I’m in my excited Thanksgiving planning phase, which will soon give way to reality.

One of my favorite books ever is “The Shipping News” by Annie Proulx. It has a strong journalism plotline, which is obviously appealing to me, but more than that, I just love how evocative it is and how Proulx plays with language.

There are several parts of it I quote – or at least think of – frequently, and every year at Thanksgiving, I’m reminded of this exchange:

“Did you get the lobsters?”

“Got them from Lud Young. He kept shoving extras in the basket like they were lifesavers. Tried to pay for them but he wouldn’t take it.”
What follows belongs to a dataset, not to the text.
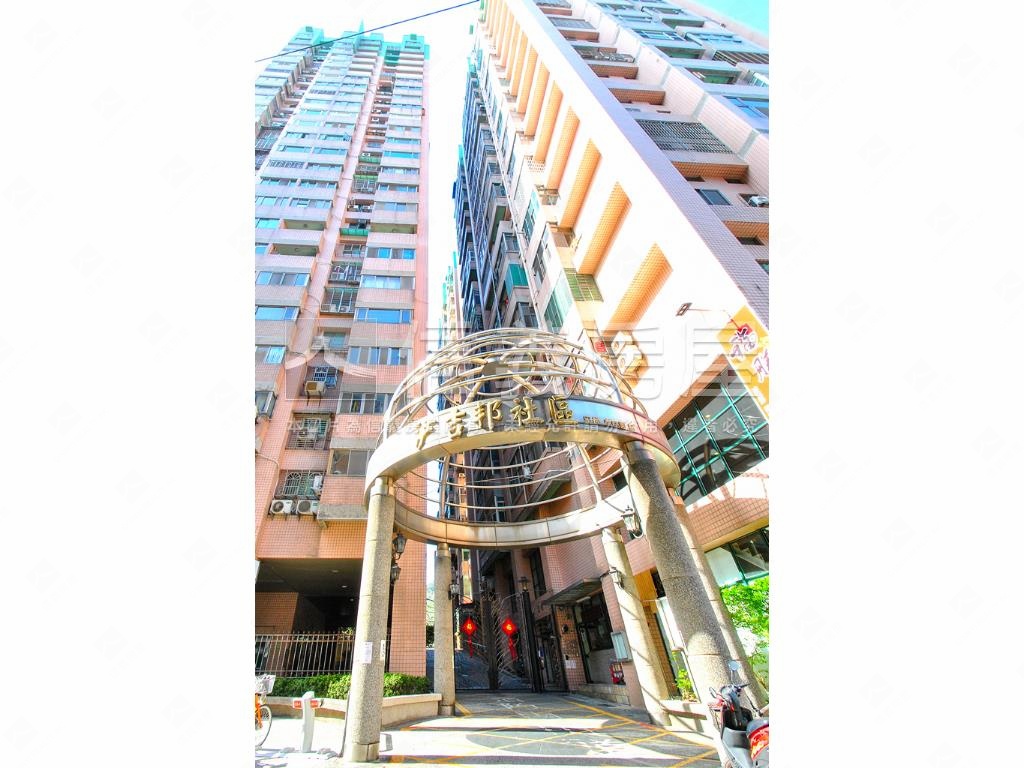 伊吉邦系列。質感三房房屋室內格局與周邊環境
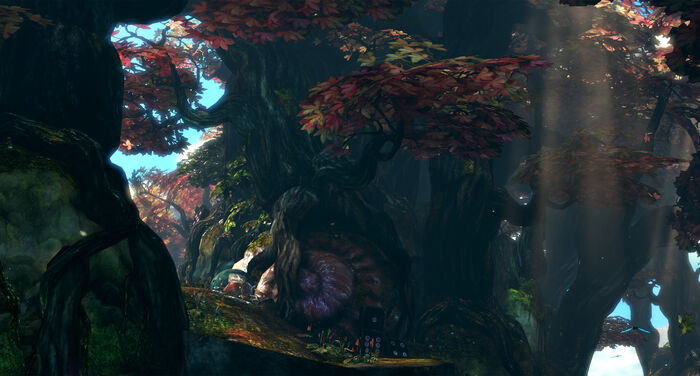 Alice Madness Returns No Hud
“Season will be over pretty soon, we might as well eat ‘em while we can get ‘em. If he wants to give lobster to you, take them. I remember the Youngs from the old days. Hair hanging down in their eyes. You know, the thing that’s best,” said the aunt, “is the fish here. Wait until the snow crab comes in. Sweetest meat in the world. Now, how do we want to do these lobsters?”

“Boiled.”

“Yes, well. We haven’t had a nice lobster chowder for a while. And there’s advantages to that.” She looked toward the other room where Bunny was hammering. “We won’t have to hear that screeching about ‘red spiders’ and fix her a bowl of cereal. Or I could boil them and pull out all the meat and make lobster rolls. Or how about crêpes rolled up with the meat in a cream sauce inside?”

Quoyle’s mouth was watering. It was the aunt’s old trick, to reel out the names of succulent dishes, then retreat to the simplest dish. …
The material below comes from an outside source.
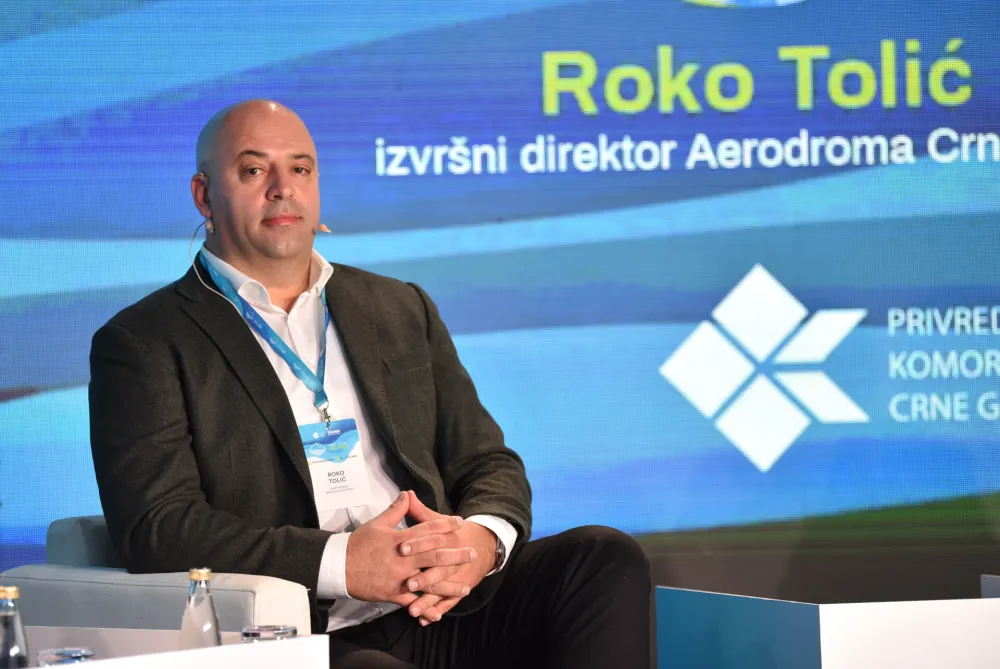 Aerodromi: Avijacijski prihodi 49 miliona eura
“Lobster salad is nice, too, but maybe a little light for supper. You know, there’s a way Warren and I used to have it at The Fair Weather Inn on Long Island. The tail meat soaked in saki then cooked with bamboo shoots and water chestnuts and piled into the shells and baked. There was a hot sauce that was out of this world. I can’t get any of those things here. Of course, if we had some shrimp and crabmeat and scallops I could make stuffed lobster tails-same idea, but with white wine and Parmesan cheese. If I could get white wine and Parmesan.”

“I bought cheese. Not Parmesan. It’s just cheese. Cheddar.”
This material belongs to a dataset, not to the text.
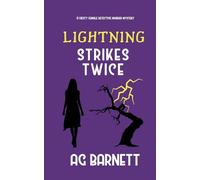 Lightning Strikes Twice: 3 (Mary Blake Mystery)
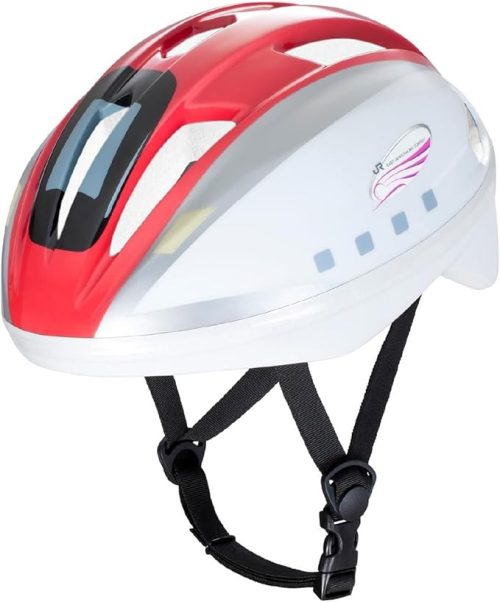 アイデス(Ides) キッズヘルメットS 新幹線E6系こまち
“Well that settles it. Lobster pie.” 

I do this same dance every year. I reel off all the things I might want to make at the holidays – lemon-cranberry tart, brown butter sage rolls, beet salad, corn pudding, roast squash, oyster-artichoke soup, homemade chicken pot pie, things that sound delicious but are too ambitious/time-consuming for me to tackle during the rest of the year. 

And then, not 100 percent of the time but probably 78 percent of the time, I resort to my old standbys, which are often informed by what we have on hand because I hate leaving my house in the late fall and winter. 

Thanksgiving is always pumpkin-and-black bean soup, turkey, sage-and-onion stuffing, mashed potatoes, gravy, sweet potatoes mashed with bourbon, cranberry-orange relish, and two pies (usually cherry and pumpkin).

However impressive my imaginary menu might be at this point in time (10 days or so out), everyone in my family already knows what we are having. They’ll humor me. They’ll send me recipes they want me to try; they’ll offer feedback on recipes I show them. But we all know, at this point, that it’s all theatre. 

I branch out a bit more for Christmas and New Year’s – one year, I got on a massive bread-baking kick and dropped off rosemary bread to friends all over the city; another year, my husband and I made vats of lemon curd and dozens of shortbread cookies – but mostly, I end up watching reruns of Cold Case instead of brining and braising as planned.

And of course, just like Bunny in the passage above, no matter how good or bad what I make is, Georgia most likely will end up eating a bowl of cereal.